視線が絡んだ相手は知人ではない。
まったく見知らぬ人。
それでも次の瞬間には思わず口の端をあげてしまうような愛らしい姿。
くりっと大きな目で私の髪を遊ぶ1歳にも満たなそうな赤ちゃんで、私の背後の席に座っている母親に抱かれていた姿が肩から身を乗り出して髪の毛に興味を示したらしい。
私が振り返った気配で気が付いたのか、母親らしき若い女性が慌てて「すみません」と言い小さな手から私の髪を離していく。
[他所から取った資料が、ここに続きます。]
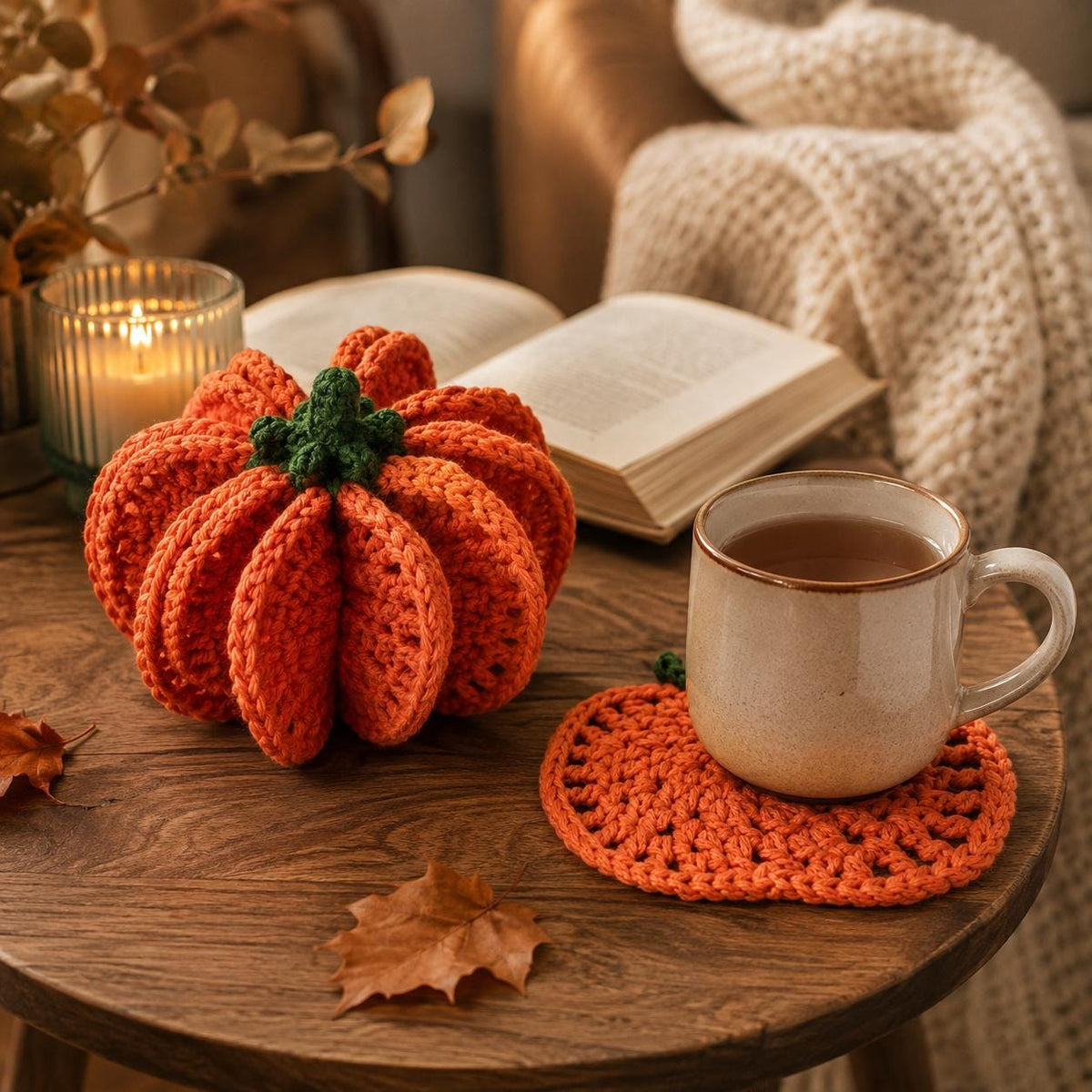 Pumpkin Coaster Set Crochet Pattern — image 6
それに小さく「いえ、」と返すと再度大きな目を見つめてから視線を前に戻していった。
直後、
絡んだのは含みありの嫌味なグリーンアイの微笑み。
『げっ』と思わず心でつぶやいてしまった程。
今の過程を頬杖つきながら静かに眺めていたらしい彼が視線が絡んだ瞬間ににっこりと微笑んで、あえてそれを無視してコーヒーを口に運ぶと今度は小さく笑い声が響く。
それにムッとしつつも反論したら負けな気がして口を閉ざした。
もちろん・・・・彼が逃がすはずもなく。
「さすがの千麻ちゃんも赤ちゃんには柔和なんだぁ。いいなぁ、俺にもあんな風に表情柔らかくいてくれればいいのに」
「・・・・・大丈夫です。いつでも同じように感じてます」
「えっ、愛らしいとか思ってくれてるの?」
「私にはいつでもその背中にランドセルが・・・」
「・・・・・小学生並の精神年齢だとでも?」
「ああ、さすがにそれは失礼でしたね」
「うん、酷いよ」
「小学生に・・・・」
「・・・・・・うん、もうさ、少年の心だっていい風に解釈しとく」
「はい、その方があなたには幸せかと」
精神レベルが低すぎると嫌味で返せば苦笑いで彼が誤魔化しカップを口に運んですぐに離した。
そしてすっと立ち上がる姿を見上げれば、説明のようにカップの空を示して傾ける。
「注文・・・してきます。千麻ちゃんは何かいる?」
「・・・いえ、私はまだ入ってますから」
「じゃあ俺だけ買ってくるね~」
そう言って財布片手にカウンターに向かう背中を見送って、すぐに忘れつつあったメロンパンの山に手を伸ばし思わず笑った。
これは嫌でも記憶に残る強烈な印象だと。
すでにその味は口内に記憶されていて、想像通りの甘みを再度口の中に広げていく。
口の端についたグラニュー糖を指先で取り除き、ヘーゼルナッツの香り立つコーヒーで甘みを流し込んだ。